The Kushanas acted as intermediaries between the eastern and western world, thus amassing huge profits from this transit trade. At Tudai Kalan remains of a small fortified settlement with square towers at the corners and arrow shaped loopholes were revealed, along with several building complexes, the earliest of which relate to the 3rd  century A.D.
 A castle and an estate standing high on a stylobate of unbaked bricks, with three basic construction stages related to the 1st  century A.D. have been unearthed at Tudai Khurd.
 Other settlements traced in Ustrushana and Western Fergana region are Mugh-tepe, the Somgor settlement, the settlements in the Isfana-Sai, Khodzha Baryrgan-Sai basins and the fortresses on the cliffs in the Isfara Darya basin.
 In the Fergana valley, all the household utensils and monuments of art bear traces of direct cultural impact of the Kushana state. This area is also noted for an extreme abundance of Kushana coins suggesting its inclusion in the Kushana domain.
 Ancient Naksheb in the lower reaches of the Kashka Darya, is situated at the junction of Sognd and Tukharistan. The material culture of this area indicates pronounced socio-economic development around 1st  century A.D. with numerous large settlements following different architectural patterns.
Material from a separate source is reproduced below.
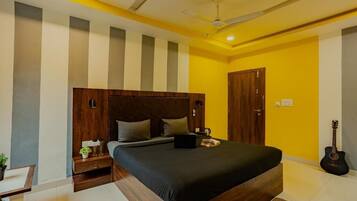 A bedroom with a large bed, a wooden headboard, a guitar, and a nightstand with a lamp.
Some settlements have a castle in the centre, like Kalai-Zakhaki-Moran, while in others like Mudin-tepe, the castle is located in a corner. At Pirmattepe, a multiroomed castle in a maze of processional corridors and fortified entrance towers were built by successive Kushana nobility.
                                             
In the region of Chach (Tashkent), the Kaunchi II culture and Djun cultures belonging to the period between the early centuries before Christ and first century A.D. have been identified with the Kushana period.

Sites in Afganistan:

British explorer Charles Masson discovered the site of Begram in 1833, which proved to be a veritable mine of ancient coins. Begram (ancient Kapisa) is situated at the confluence of the Panjsher and Ghorband rivers, about 80.5 kilometre north of Kabul and 8 kilometre west of the modern town of Charikar.
By the end of 1837, Masson had collected nearly thirty thousand coins in all, including the coins of 'Soter Megas' and other Kushana rulers.  About one thousand six hundred and forty seven coins, both of the Kadphises and the Kanishka group were reported in the Journal of the Asiatic Society of Bengal  by Masson. It appears that there was a mint at Begram close to the rich  copper deposits of the Ghorband valley.
A Foucher identified Begram with Kapisa, the capital of several Indo-Greek kings and the summer residence of the Kushana emperors. It was located at the juncture of two main trade routes cutting off from the major silk route; one from Balkh to Bamiyan to Peshawar to Taxila; the other leading down the Panjesher valley from Badakhshan,Turkistan and Chinese Sinking. The French  Archaeological Mission in Afghanistan carried out limited excavations between 1936 and 1946 under Hackin, Ghirshman and Menuie, while in 1967-68 Afghan Archaeological Department carried some further work.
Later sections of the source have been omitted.